While opposition parties were generally uninspired by Finance Minister Tito Mboweni’s supplementary budget he delivered on Wednesday, his most strident criticism came from within the tripartite alliance as Cosatu expressed its disillusionment with the budget.

Cosatu’s parliamentary coordinator, Matthew Parks, said in a statement it was “extremely disheartened and disillusioned by the uninspiring and timid supplementary budget presented by Minister Mboweni and his technocrats”.

“This is not a budget fit for a country that is in deep recession with an expanded unemployment rate of 40%, with more millions of workers facing retrenchments.”

Parks added Cosatu had hoped for an imaginative budget, but received one that would only entrench the current economic stagnation.

“The minister rehashed the economic relief measures announced by the president a month ago. Despite the president repeatedly calling for a bold R1 trillion stimulus plan to grow the economy and smash unemployment, there was no such plan tabled today.”

He said the silence on wasteful expenditure was shameful and calling public servants essential workers “while treating them like glorified slaves” was disingenuous.

“The fat must be cut from the wages of politicians and senior managers and not among struggling workers.”

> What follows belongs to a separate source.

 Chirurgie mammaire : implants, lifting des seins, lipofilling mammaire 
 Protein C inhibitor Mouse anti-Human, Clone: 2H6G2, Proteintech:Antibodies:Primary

DA spokesperson on finance Geordin Hill-Lewis said Mboweni’s speech sounded like more of a plea to his own party to support the stalled economic reform agenda.

“This government has made no progress on fundamental reform to date. All available evidence suggests the passive path is the more likely path the ANC will follow. If the minister wanted to convince otherwise, he needed to lay out much more detail on how fiscal discipline will be achieved,” Hill-Lewis added.

Western Cape Finance MEC David Maynier said effectively the province’s budget had been cut by R113.1 million.

“What this means is that we are effectively on our own in the fight against Covid-19 in the Western Cape,” he added.

The EFF described the budget as predictable and uninspiring.

Its spokesperson, Vuyani Pambo, said the budget had laid bare the government’s inability to address the Covid-19 challenge.

He added the economic stimulus package was introduced as if it would bring about structural changes and radically transform the economy.

“The supplementary budget tabled is a clear indication that there is no intention to change the fundamental structure of the economy, usher in a different economy than the one before Covid-19.

“All [President Cyril] Ramaphosa and Mboweni are concerned about are to safeguard and bail out big business, in particular banks with no regards for workers and poor people,” Pambo said.

The IFP welcomed the zero-based budget approach as it allowed for flexibility in the financial management in response to the crisis.

“The minister of finance has not made any major pronouncements on the state of state-owned entities and has left far too much room for speculation in a time when certainty is required to boost investor confidence,” said its spokesperson on finance and public enterprises, Mzamo Buthelezi, in a statement.

He added the country was on a fiscal cliff and its future depended on all role players in society to fight corruption as well as to improve financial management and poor administration.

FF Plus leader Pieter Groenewald was left with more questions than answers after Mboweni’s speech.

“South Africa’s economy is staring into an abyss, state debt is escalating, unemployment is at record highs, the bloated public service with its union patrons are firmly in control, and the government still wants to raise an additional R43 billion over the next four years?” Groenewald said.

ACDP MP Steve Swart said the spiralling public sector wage bill needed to be reined in.

“This, together with unacceptable bailouts to SOEs [such as the R3 billion to the Land Bank), is unaffordable at this time,” Swart added.

GOOD secretary-general Brett Herron said Mboweni’s budget “made it absolutely clear that our country’s finances were in dire straits”.

“It will be a tough and narrow path we have to traverse and government will have to demonstrate its real commitment to reviving our economy if it expects the people of South Africa to keep the faith,” he added, according to a statement.

Herron said the government’s commitment to stabilising debt, improving spending patterns and pursuing economic revival was necessary.